When you copy the data that follows, reproduce every word exactly and leave out the images.

*** Opening of SUPPLIED INFORMATION ***

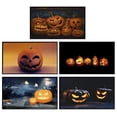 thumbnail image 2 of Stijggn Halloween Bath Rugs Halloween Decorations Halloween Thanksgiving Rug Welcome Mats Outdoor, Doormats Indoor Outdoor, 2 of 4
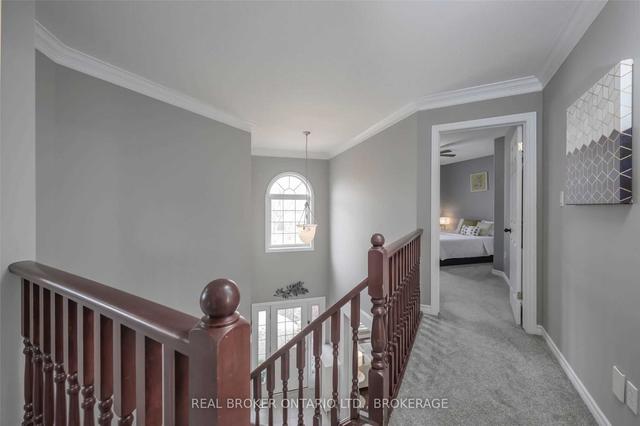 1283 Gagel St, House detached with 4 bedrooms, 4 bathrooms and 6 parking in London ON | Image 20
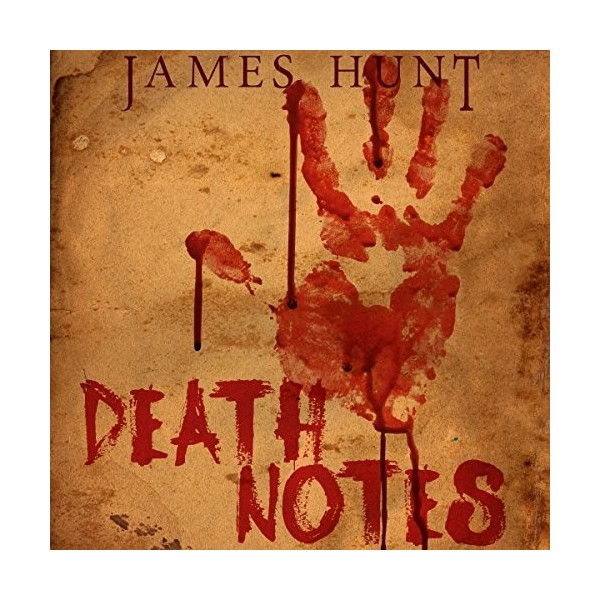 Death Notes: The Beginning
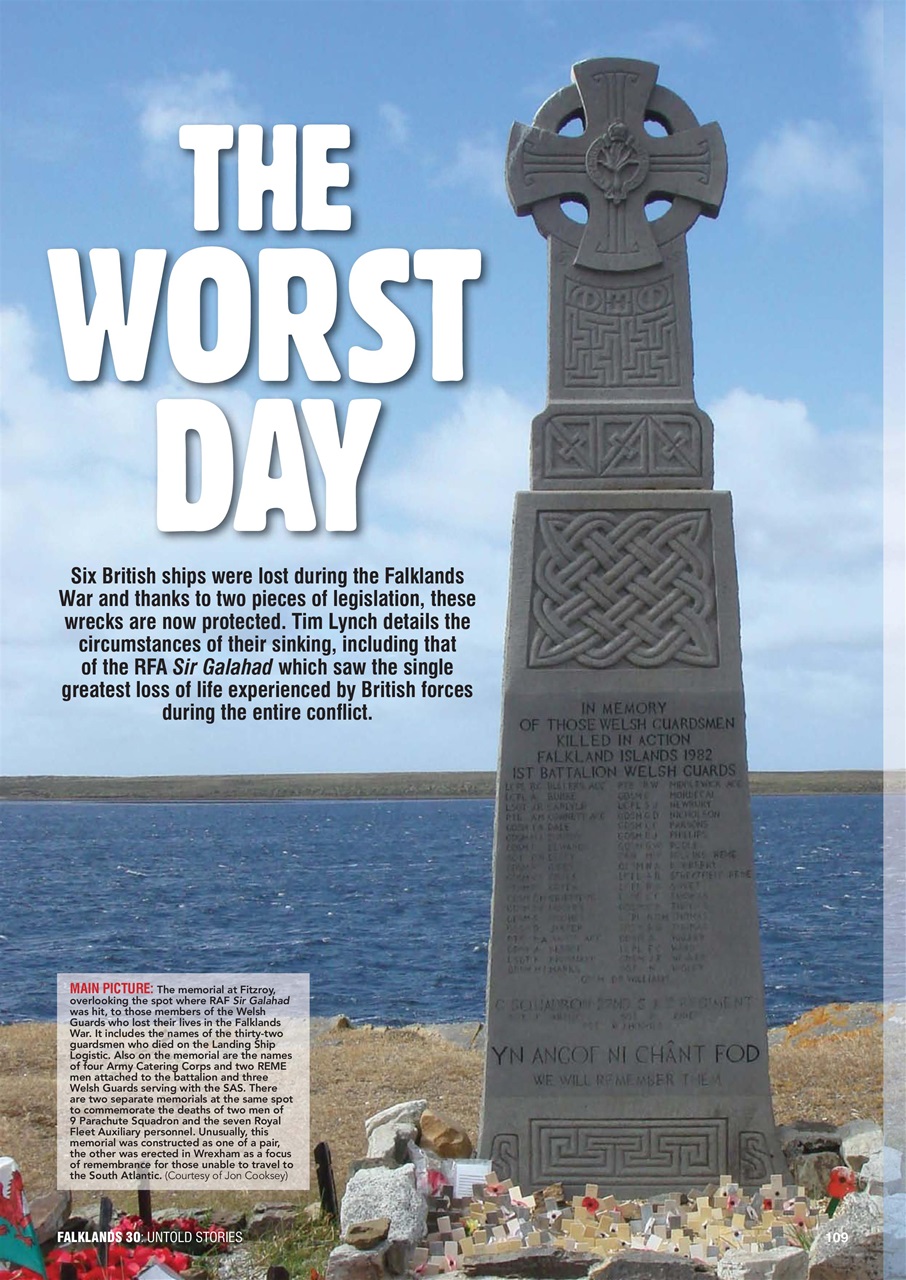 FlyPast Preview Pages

*** Close of SUPPLIED INFORMATION ***

**TASK OUTPUT**
 thumbnail image 2 of Stijggn Halloween Bath Rugs Halloween Decorations Halloween Thanksgiving Rug Welcome Mats Outdoor, Doormats Indoor Outdoor, 2 of 4
 1283 Gagel St, House detached with 4 bedrooms, 4 bathrooms and 6 parking in London ON | Image 20
 Death Notes: The Beginning
 FlyPast Preview Pages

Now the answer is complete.